Data records:
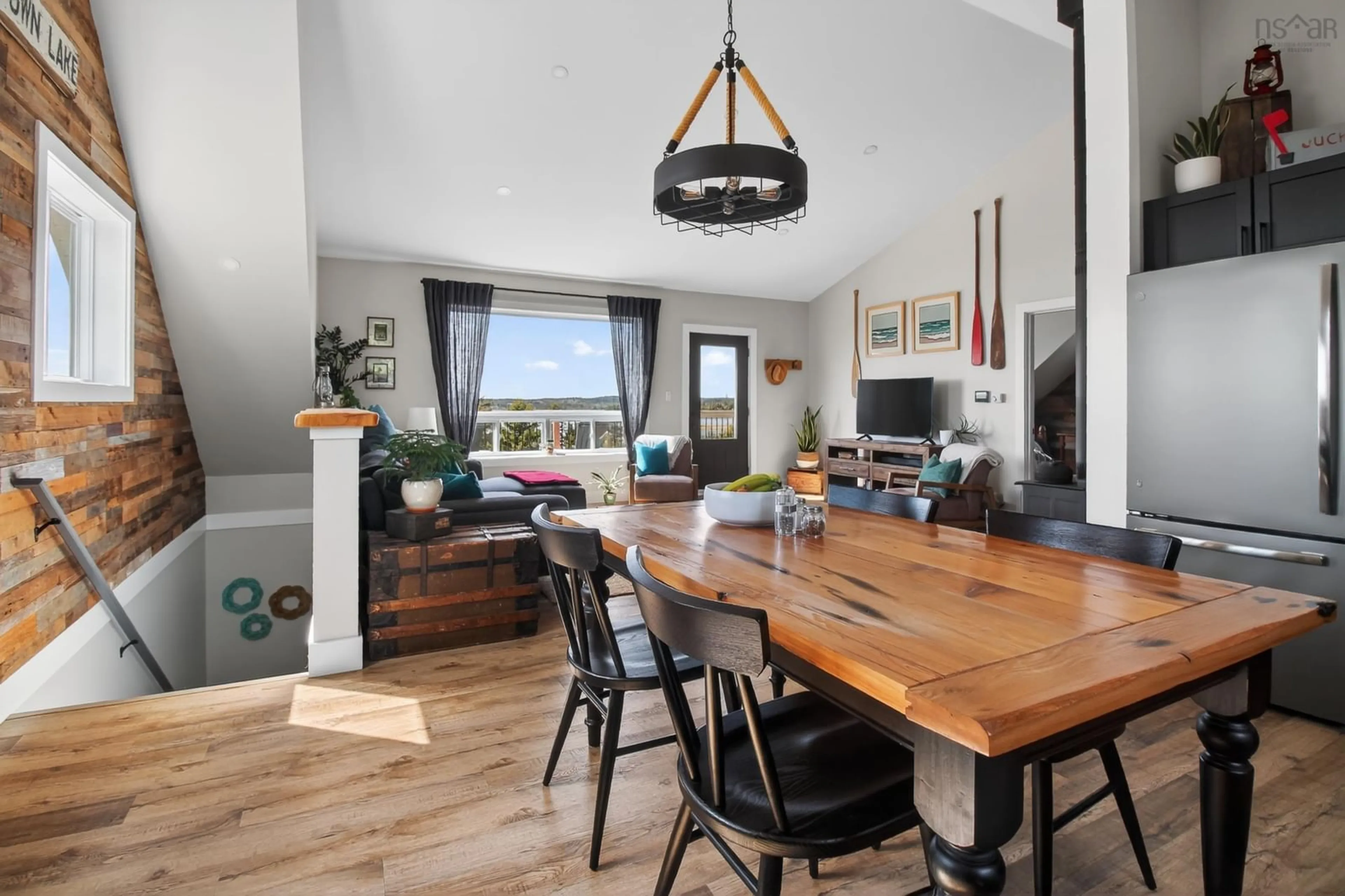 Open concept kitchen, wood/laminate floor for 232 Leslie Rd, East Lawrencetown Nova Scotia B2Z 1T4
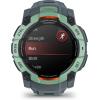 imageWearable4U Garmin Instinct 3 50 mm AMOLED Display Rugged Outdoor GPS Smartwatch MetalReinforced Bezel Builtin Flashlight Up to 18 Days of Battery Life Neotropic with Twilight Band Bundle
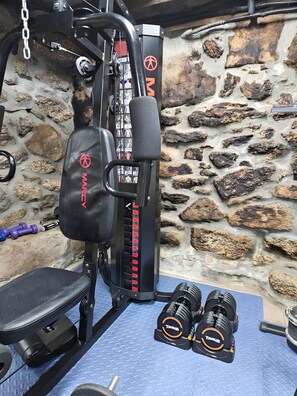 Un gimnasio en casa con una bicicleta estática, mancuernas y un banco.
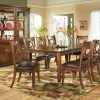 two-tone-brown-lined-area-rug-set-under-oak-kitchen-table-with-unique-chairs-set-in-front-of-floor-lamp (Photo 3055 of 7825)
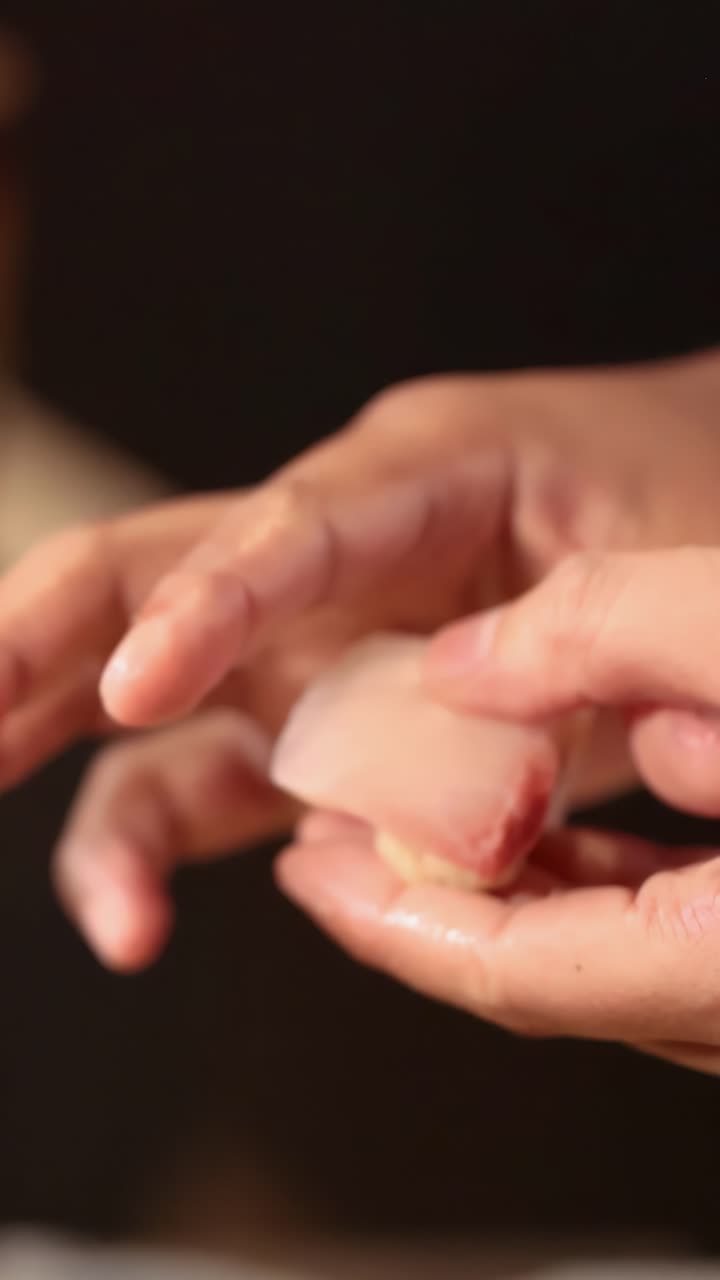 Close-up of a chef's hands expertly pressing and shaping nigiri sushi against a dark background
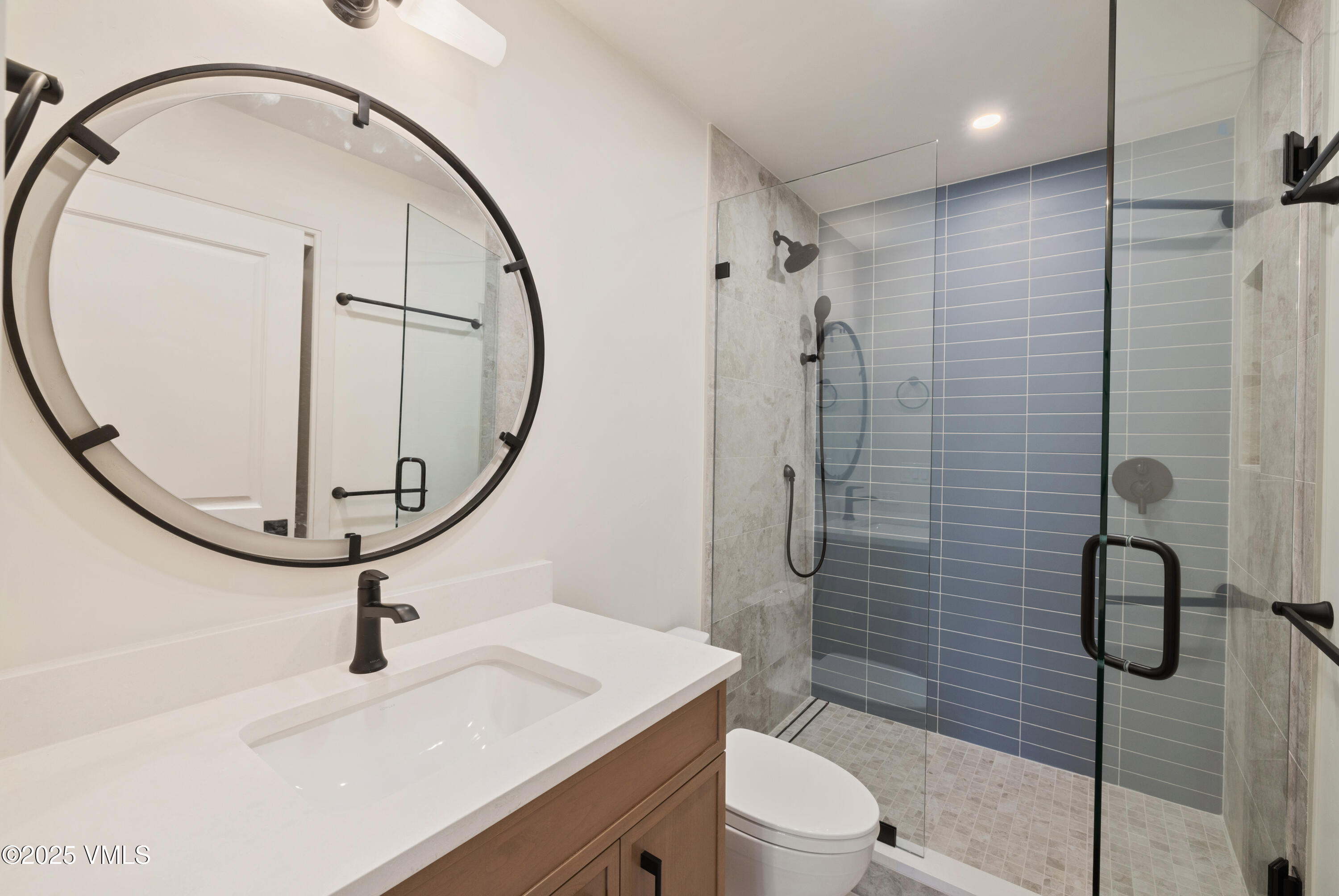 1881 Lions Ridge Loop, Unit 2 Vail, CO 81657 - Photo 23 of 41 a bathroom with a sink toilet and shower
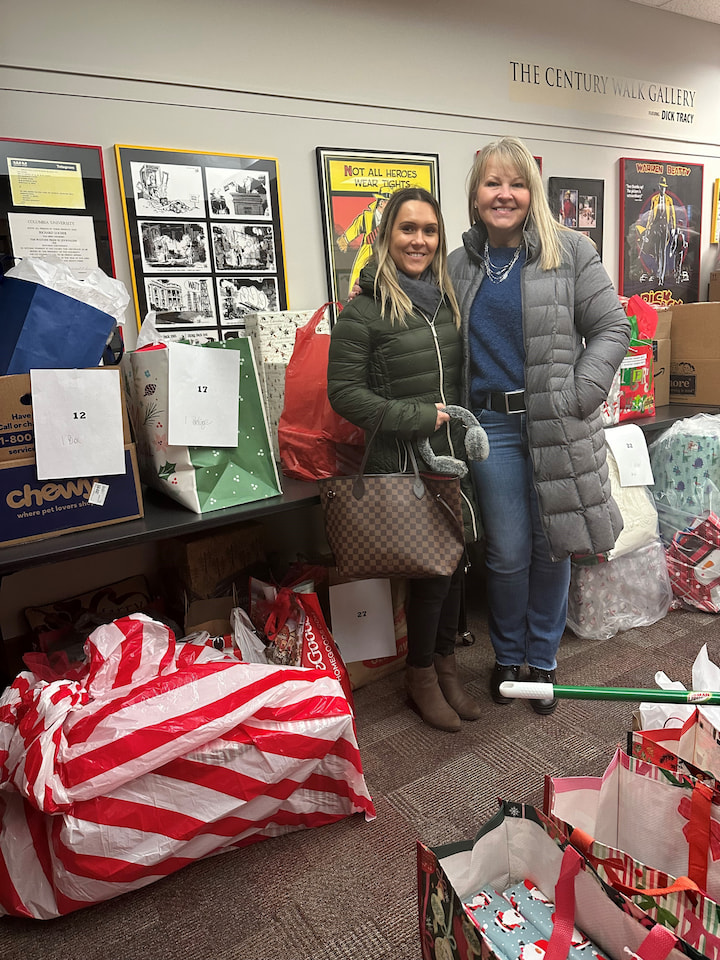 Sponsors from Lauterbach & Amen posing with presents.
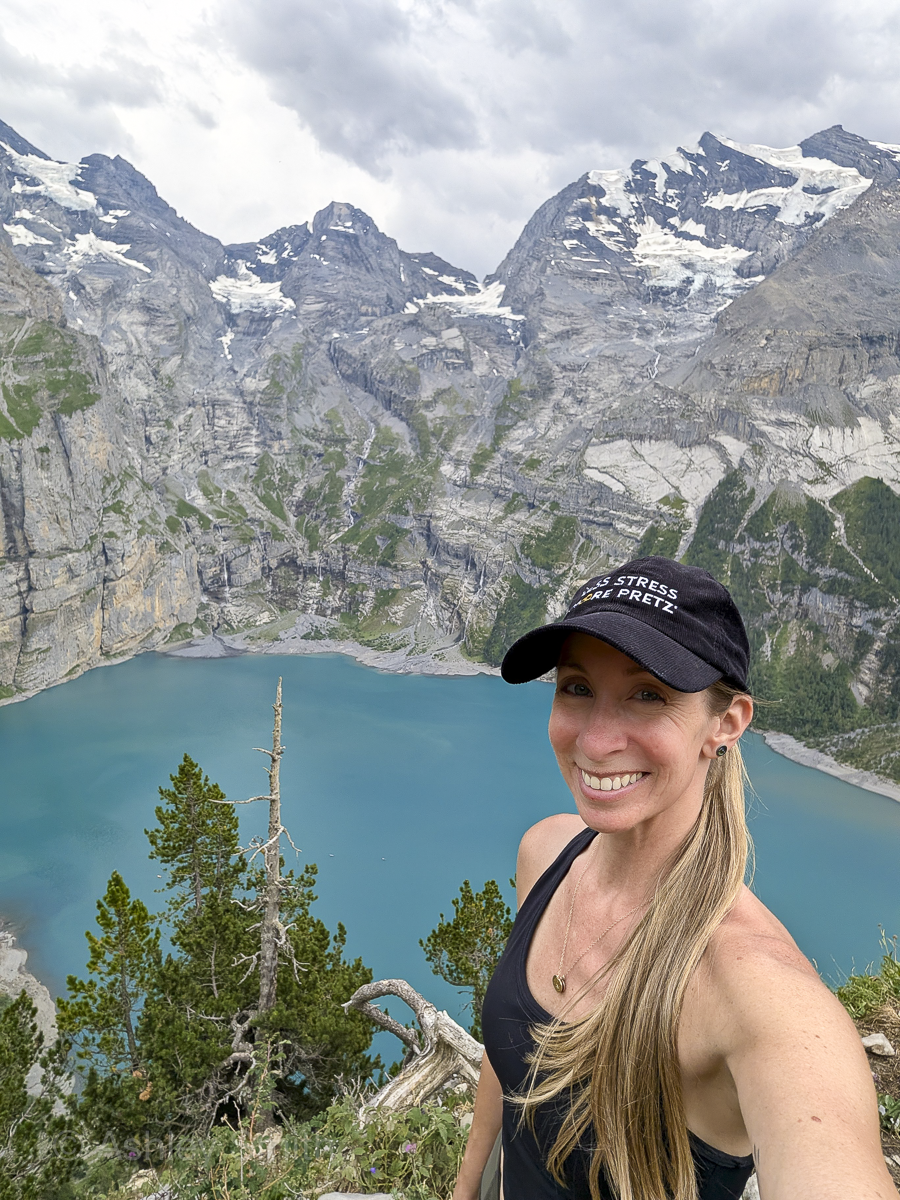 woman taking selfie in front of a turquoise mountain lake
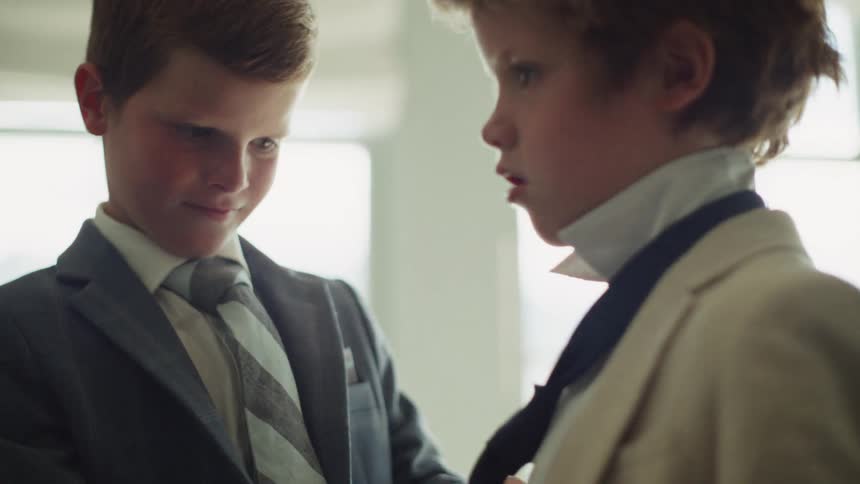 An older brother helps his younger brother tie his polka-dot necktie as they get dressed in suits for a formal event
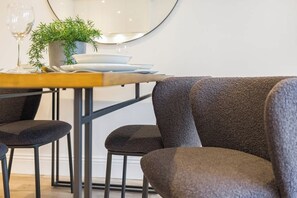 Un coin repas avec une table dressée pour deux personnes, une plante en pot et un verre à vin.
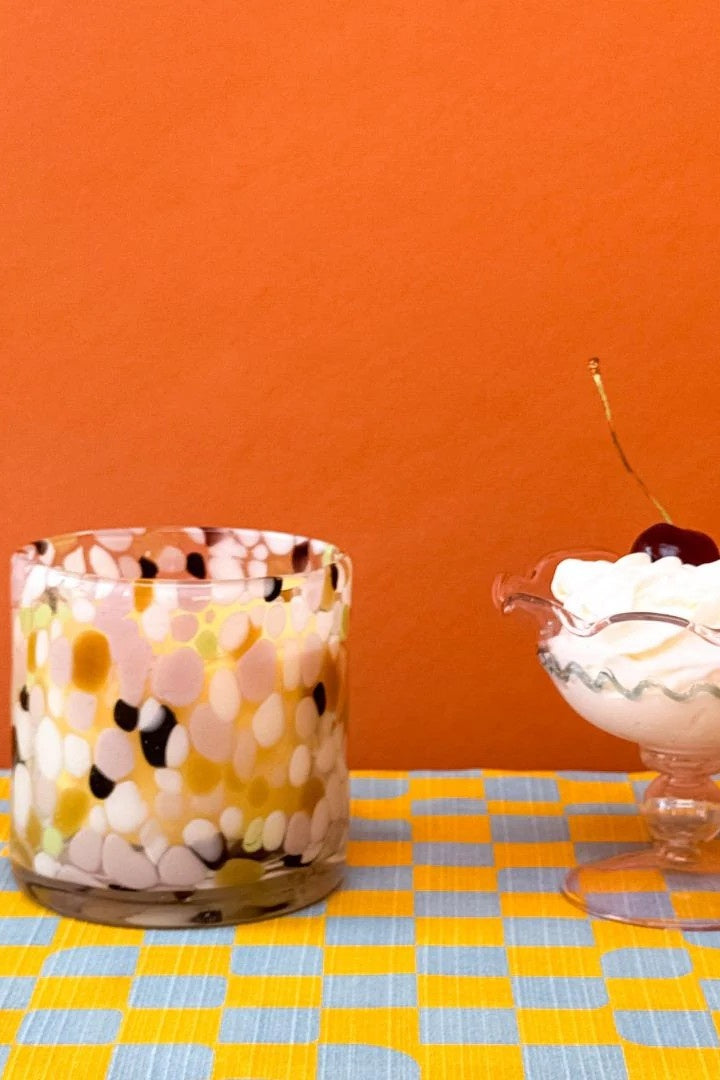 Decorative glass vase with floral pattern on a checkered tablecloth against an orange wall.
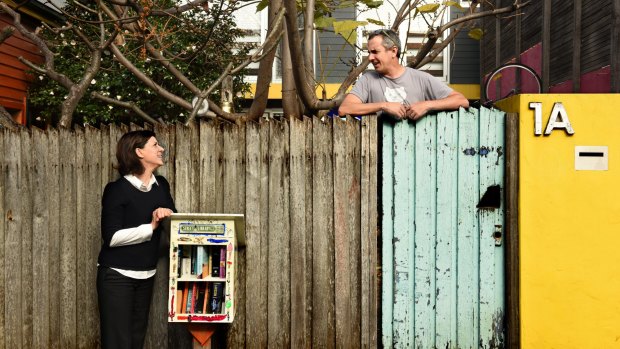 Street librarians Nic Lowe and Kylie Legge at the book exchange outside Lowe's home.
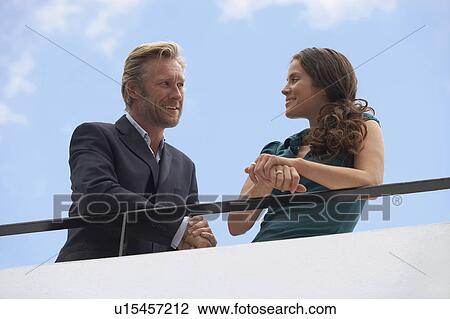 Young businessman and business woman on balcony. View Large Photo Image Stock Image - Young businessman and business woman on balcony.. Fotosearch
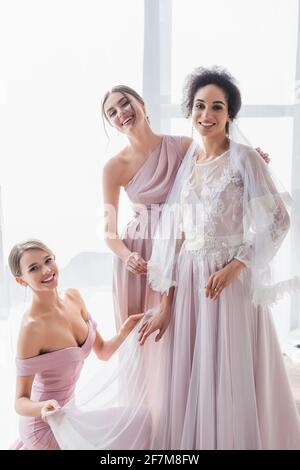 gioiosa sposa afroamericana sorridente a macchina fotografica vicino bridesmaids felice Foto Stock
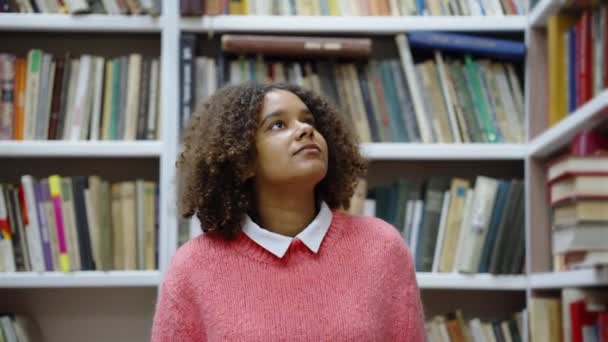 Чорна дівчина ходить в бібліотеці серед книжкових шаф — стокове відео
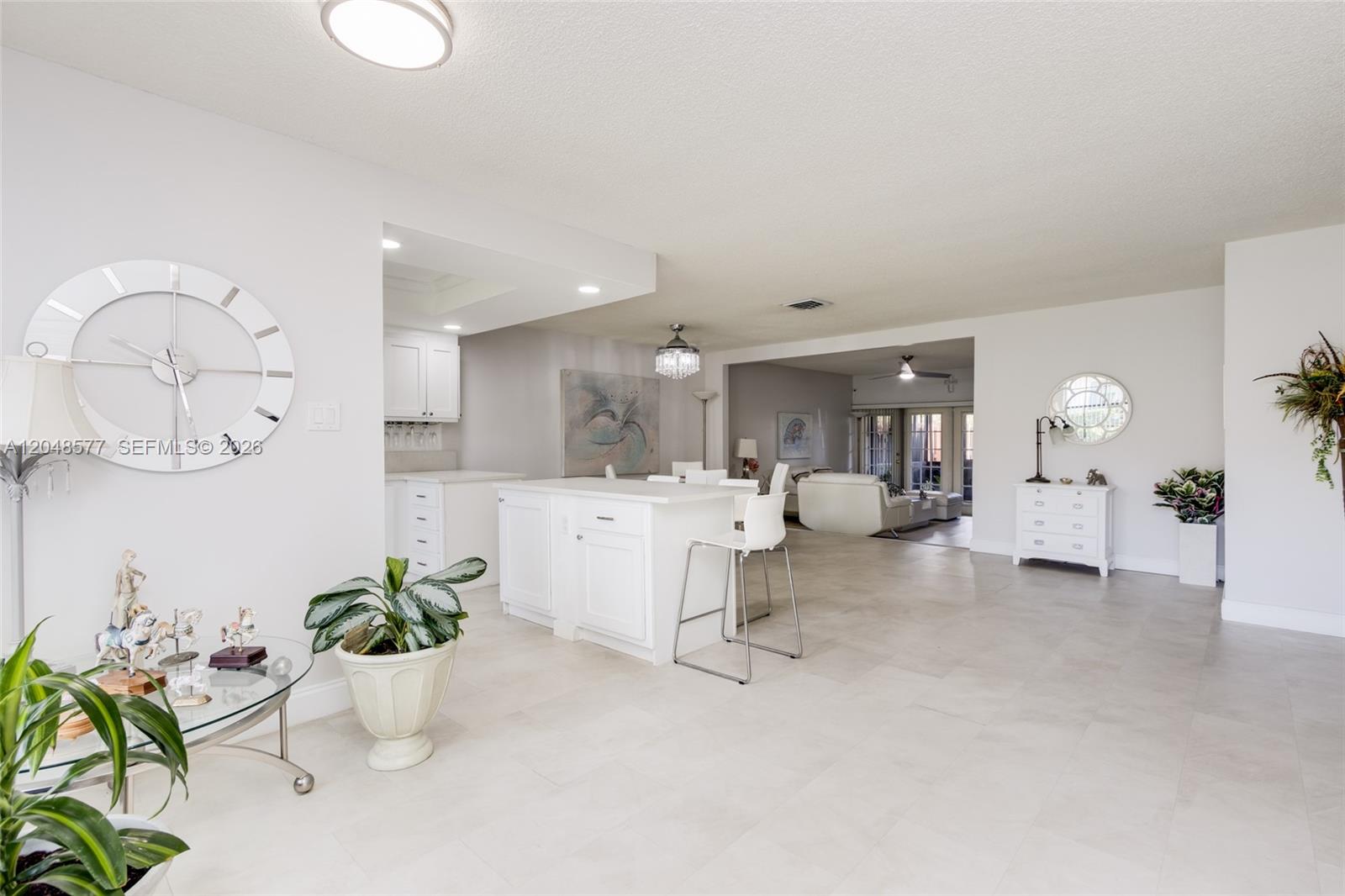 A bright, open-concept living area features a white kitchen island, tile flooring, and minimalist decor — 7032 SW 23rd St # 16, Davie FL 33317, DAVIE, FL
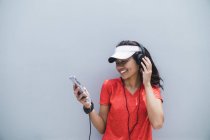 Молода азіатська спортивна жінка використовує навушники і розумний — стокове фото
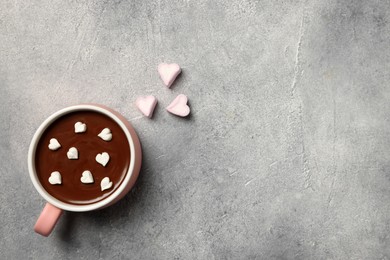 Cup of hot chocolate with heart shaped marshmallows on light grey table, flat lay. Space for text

PROBLEM TO WORK ON: Output each line above exactly as it stands, omitting the pictures.

YOUR SOLUTION:
 Open concept kitchen, wood/laminate floor for 232 Leslie Rd, East Lawrencetown Nova Scotia B2Z 1T4
 imageWearable4U Garmin Instinct 3 50 mm AMOLED Display Rugged Outdoor GPS Smartwatch MetalReinforced Bezel Builtin Flashlight Up to 18 Days of Battery Life Neotropic with Twilight Band Bundle
 Un gimnasio en casa con una bicicleta estática, mancuernas y un banco.
 two-tone-brown-lined-area-rug-set-under-oak-kitchen-table-with-unique-chairs-set-in-front-of-floor-lamp (Photo 3055 of 7825)
 Close-up of a chef's hands expertly pressing and shaping nigiri sushi against a dark background
 1881 Lions Ridge Loop, Unit 2 Vail, CO 81657 - Photo 23 of 41 a bathroom with a sink toilet and shower
 Sponsors from Lauterbach & Amen posing with presents.
 woman taking selfie in front of a turquoise mountain lake
 An older brother helps his younger brother tie his polka-dot necktie as they get dressed in suits for a formal event
 Un coin repas avec une table dressée pour deux personnes, une plante en pot et un verre à vin.
 Decorative glass vase with floral pattern on a checkered tablecloth against an orange wall.
 Street librarians Nic Lowe and Kylie Legge at the book exchange outside Lowe's home.
 Young businessman and business woman on balcony. View Large Photo Image Stock Image - Young businessman and business woman on balcony.. Fotosearch
 gioiosa sposa afroamericana sorridente a macchina fotografica vicino bridesmaids felice Foto Stock
 Чорна дівчина ходить в бібліотеці серед книжкових шаф — стокове відео
 A bright, open-concept living area features a white kitchen island, tile flooring, and minimalist decor — 7032 SW 23rd St # 16, Davie FL 33317, DAVIE, FL
 Молода азіатська спортивна жінка використовує навушники і розумний — стокове фото
 Cup of hot chocolate with heart shaped marshmallows on light grey table, flat lay. Space for text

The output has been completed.